Web page caption snippets:
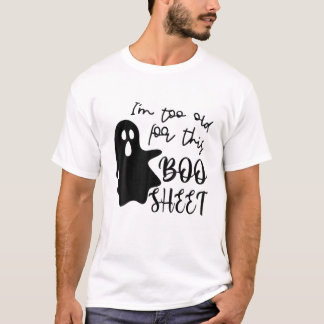 T-shirt Je suis trop vieux pour cette feuille Lazy Hallowe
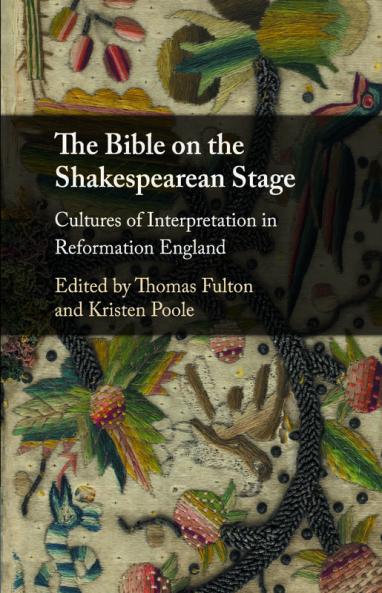 The Bible on the Shakespearean Stage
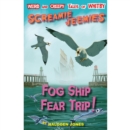 Fog Ship Fear Trip! - Book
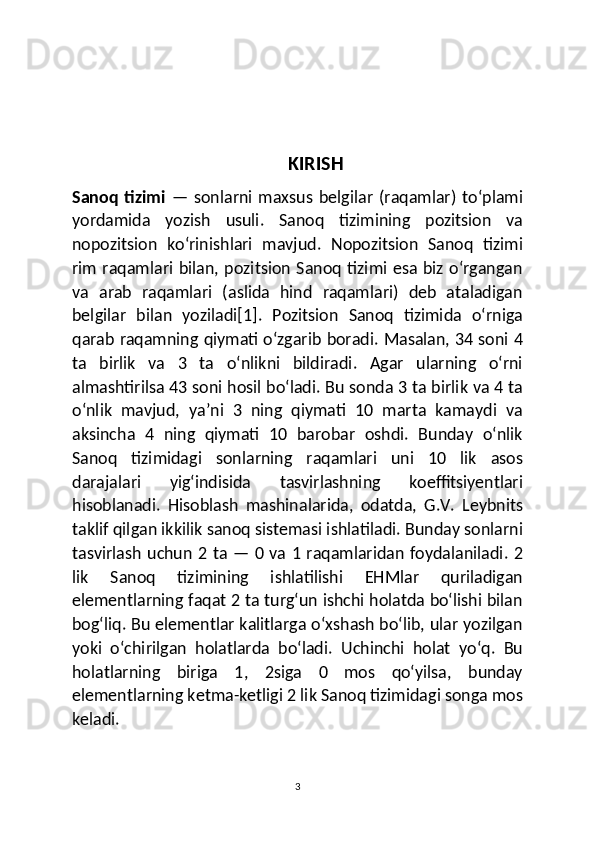 KIRISH
Sanoq   tizimi   —  sonlarni   maxsus   belgilar   (raqamlar)   toʻplami
yordamida   yozish   usuli.   Sanoq   tizimining   pozitsion   va
nopozitsion   koʻrinishlari   mavjud.   Nopozitsion   Sanoq   tizimi
rim raqamlari bilan, pozitsion  Sanoq tizimi esa biz oʻrgangan
va   arab   raqamlari   (aslida   hind   raqamlari)   deb   ataladigan
belgilar   bilan   yoziladi[1].   Pozitsion   Sanoq   tizimida   oʻrniga
qarab raqamning qiymati oʻzgarib boradi. Masalan, 34 soni 4
ta   birlik   va   3   ta   oʻnlikni   bildiradi.   Agar   ularning   oʻrni
almashtirilsa 43 soni hosil boʻladi. Bu sonda 3 ta birlik va 4 ta
oʻnlik   mavjud,   yaʼni   3   ning   qiymati   10   marta   kamaydi   va
aksincha   4   ning   qiymati   10   barobar   oshdi.   Bunday   oʻnlik
Sanoq   tizimidagi   sonlarning   raqamlari   uni   10   lik   asos
darajalari   yigʻindisida   tasvirlashning   koeffitsiyentlari
hisoblanadi.   Hisoblash   mashinalarida,   odatda,   G.V.   Leybnits
taklif qilgan ikkilik sanoq sistemasi ishlatiladi. Bunday sonlarni
tasvirlash uchun 2 ta — 0 va 1 raqamlaridan foydalaniladi. 2
lik   Sanoq   tizimining   ishlatilishi   EHMlar   quriladigan
elementlarning faqat 2 ta turgʻun ishchi holatda boʻlishi bilan
bogʻliq. Bu elementlar kalitlarga oʻxshash boʻlib, ular yozilgan
yoki   oʻchirilgan   holatlarda   boʻladi.   Uchinchi   holat   yoʻq.   Bu
holatlarning   biriga   1,   2siga   0   mos   qoʻyilsa,   bunday
elementlarning ketma-ketligi 2 lik Sanoq tizimidagi songa mos
keladi.
3 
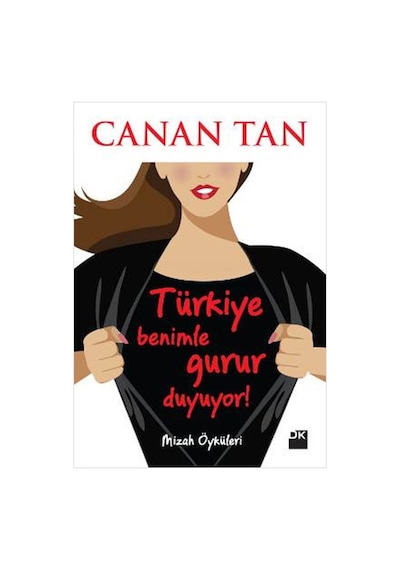 Türkiye Benimle Gurur Duyuyor! - Canan Tan - Doğan Kitap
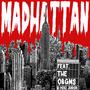 MADHATTAN (feat. The OBGMs & DENZ JUNIOR) [Explicit]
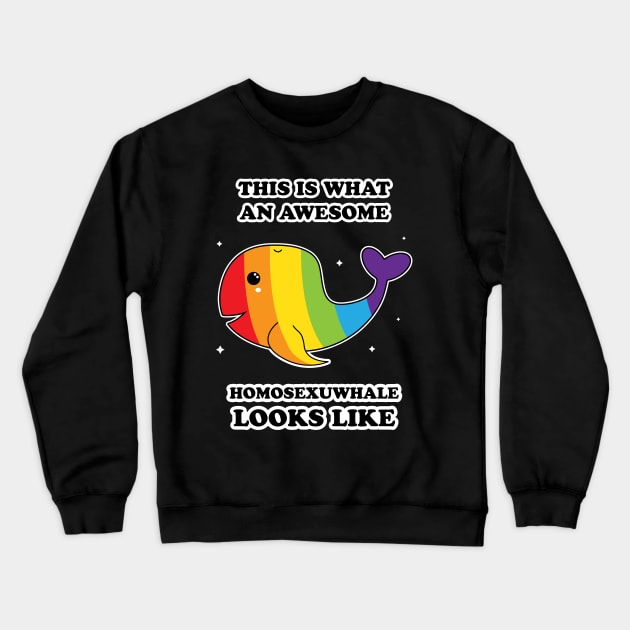 This Is What An Awesome Homosexuwhale Looks Like Crewneck Sweatshirt by ProudToBeHomo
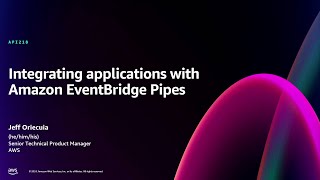 AWS re:Invent 2024 - Integrating applications with Amazon EventBridge Pipes (API218)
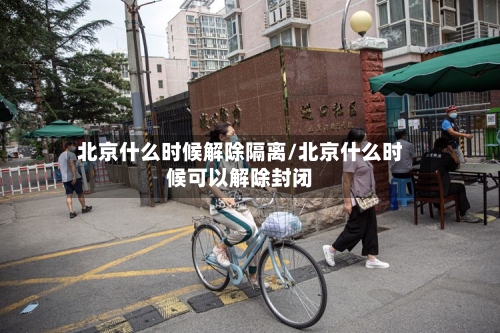 北京什么时候解除隔离/北京什么时候可以解除封闭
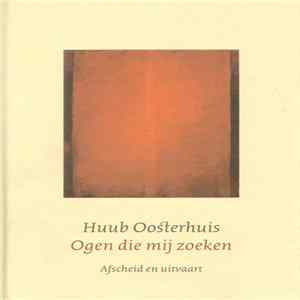 Download Huub Oosterhuis - Ogen Die Mij Zoeken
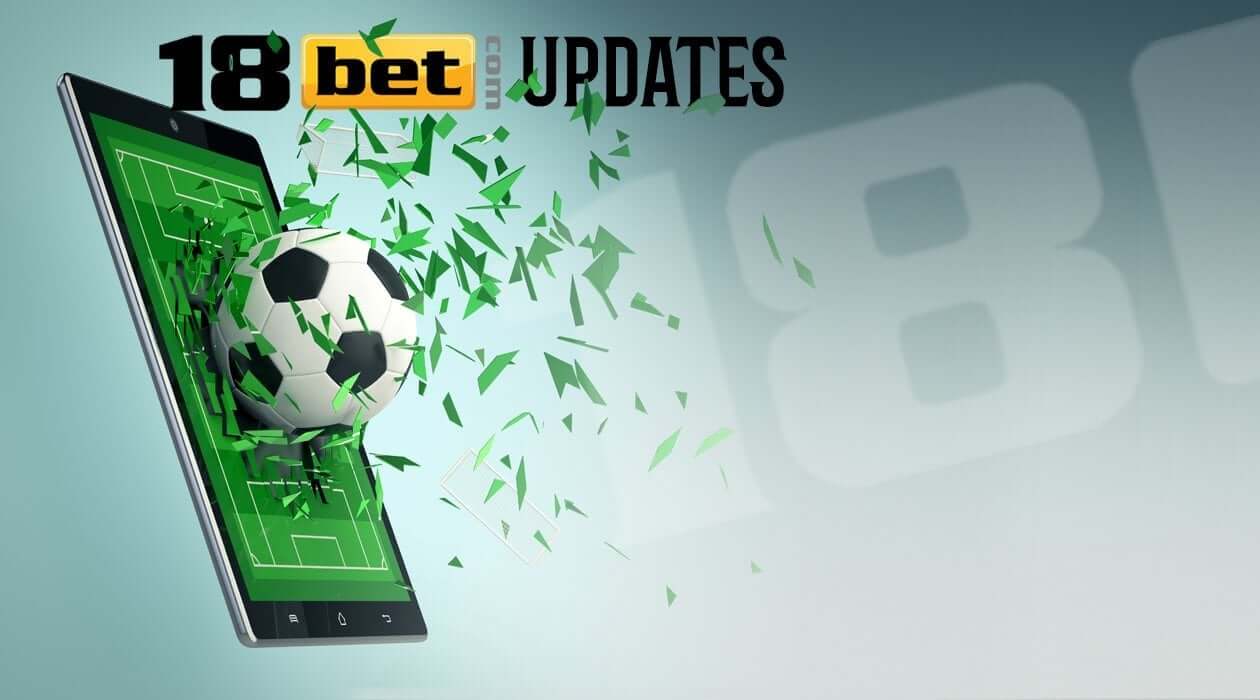 18bet updates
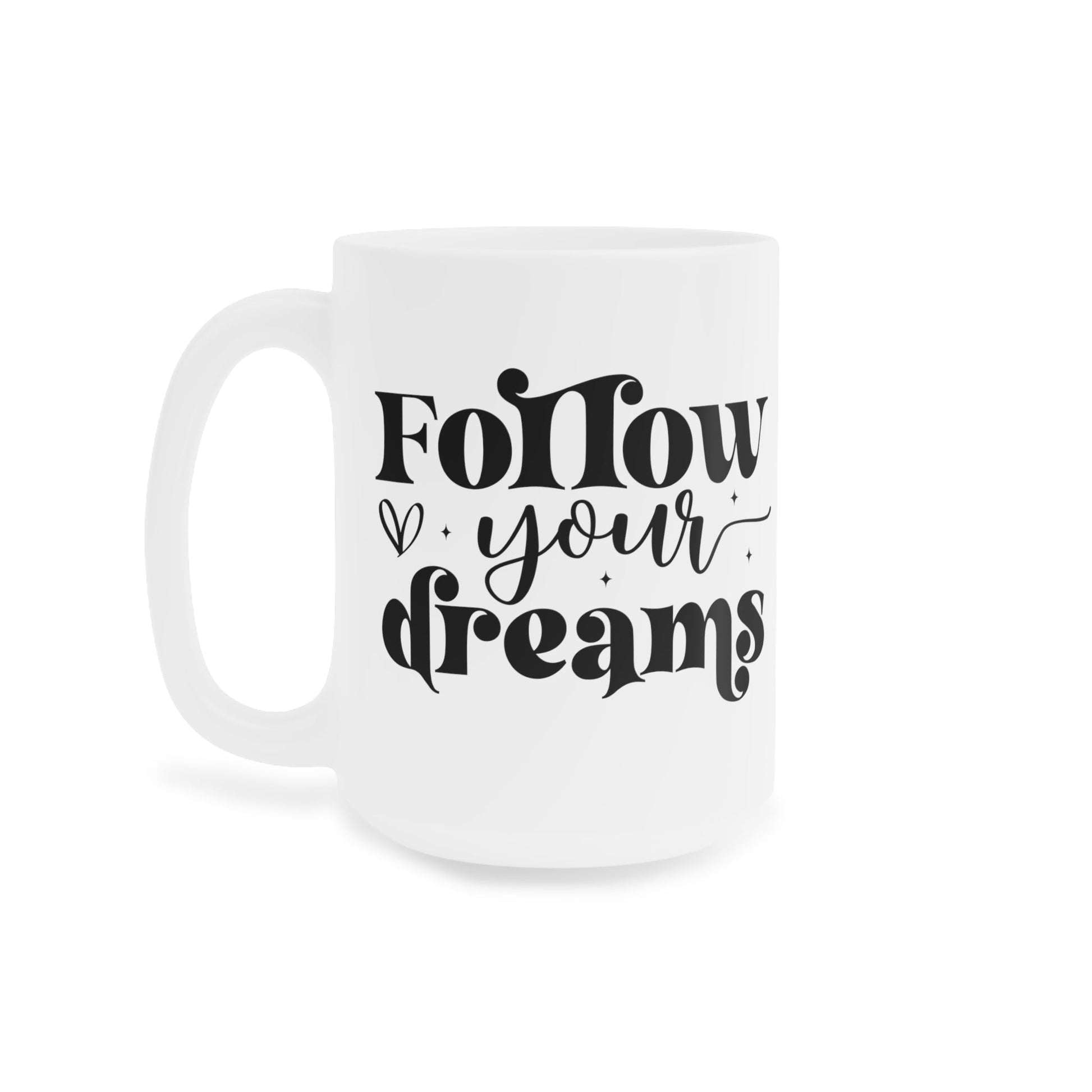 Follow Your Dreams and Make It Happen! Ceramic Mugs (11oz\15oz\20oz) - EternalAscension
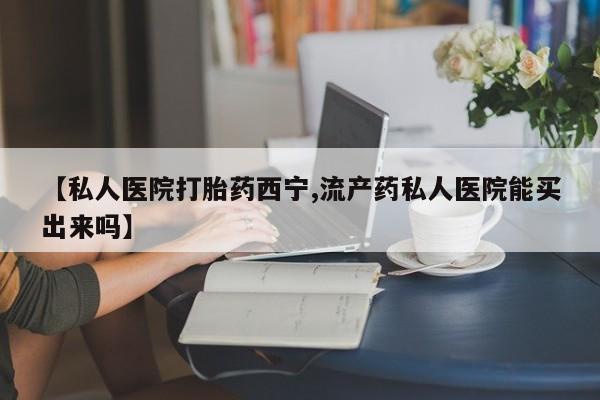 正品堕胎药咨询购买【私人医院打胎药西宁,流产药私人医院能买出来吗】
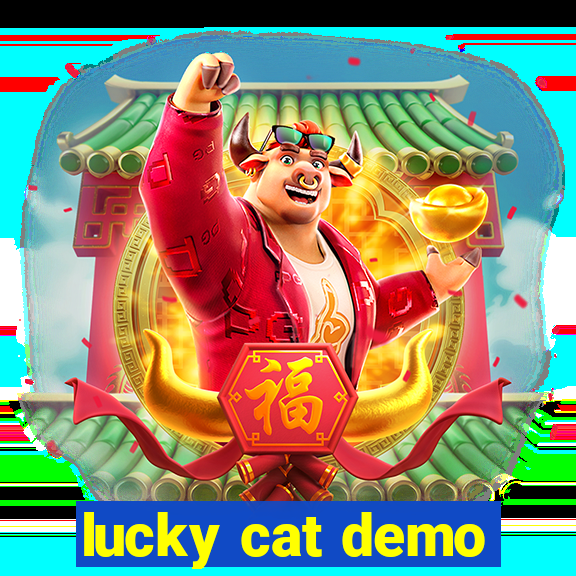 lucky cat demo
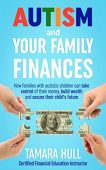 Autism and Your Family Tamara Hull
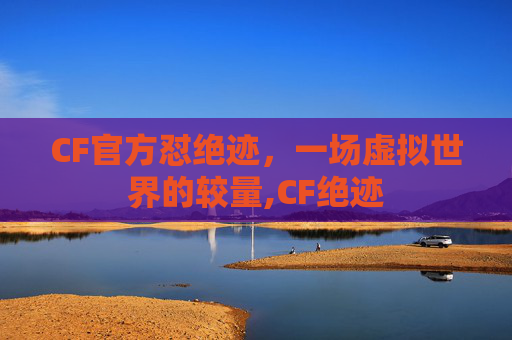 CF官方怼绝迹，一场虚拟世界的较量,CF绝迹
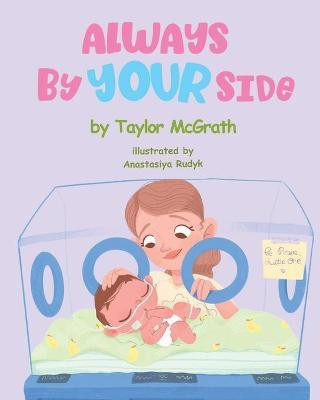 Always By Your Side(English, Paperback, McGrath Taylor)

> [YOUR GOAL]: Only the lines above that include the word "bilan" belong in the answer; copy each one.

> [COMPLETED EXERCISE]:
rim raqamlari bilan, pozitsion  Sanoq tizimi esa biz oʻrgangan
belgilar   bilan   yoziladi[1].   Pozitsion   Sanoq   tizimida   oʻrniga
elementlarning faqat 2 ta turgʻun ishchi holatda boʻlishi bilan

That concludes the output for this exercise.